Given data —
* * * * * * *

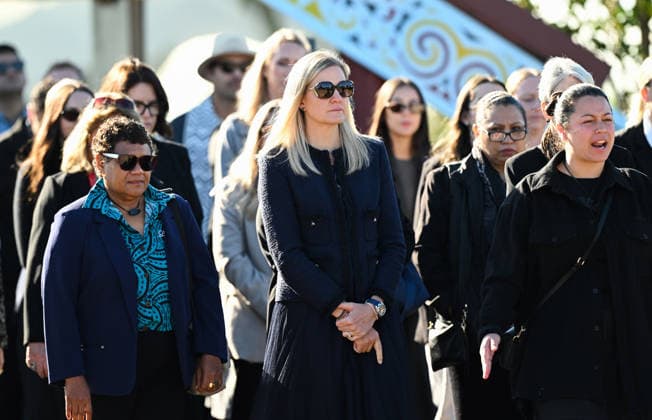 Kirsty Coventry, ( centre ) International Olympic Committee President during an official pÅwhiri and cultural welcome at Orakei Marae in Auckland, New Zealand on Tuesday 19 May 2026. Auckland New Zealand Copyright: xAndrewxCornaga x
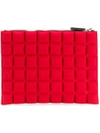 No Ka'oi Medium Grid Textured Pouch In Red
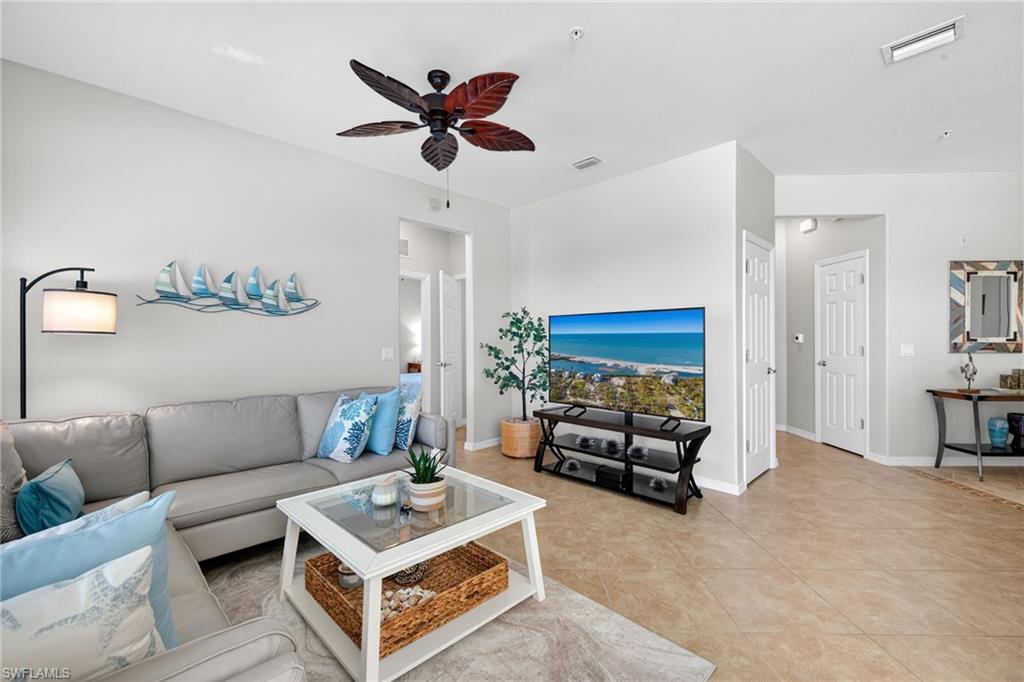 ROYAL POINTE - Residential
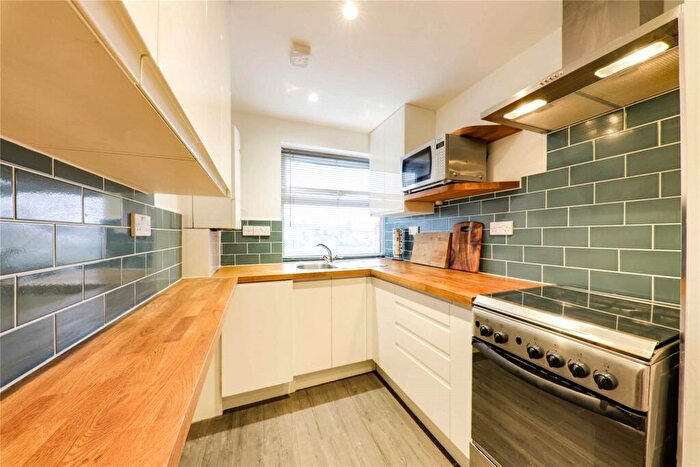 2 Bedroom Apartment To Rent In Langdale Gardens, Reading, Berkshire, RG6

* * * * * * *

Task instructions — The finished answer is an exact repetition of the listing, with every picture removed.

Result of this task —
 Kirsty Coventry, ( centre ) International Olympic Committee President during an official pÅwhiri and cultural welcome at Orakei Marae in Auckland, New Zealand on Tuesday 19 May 2026. Auckland New Zealand Copyright: xAndrewxCornaga x
 No Ka'oi Medium Grid Textured Pouch In Red
 ROYAL POINTE - Residential
 2 Bedroom Apartment To Rent In Langdale Gardens, Reading, Berkshire, RG6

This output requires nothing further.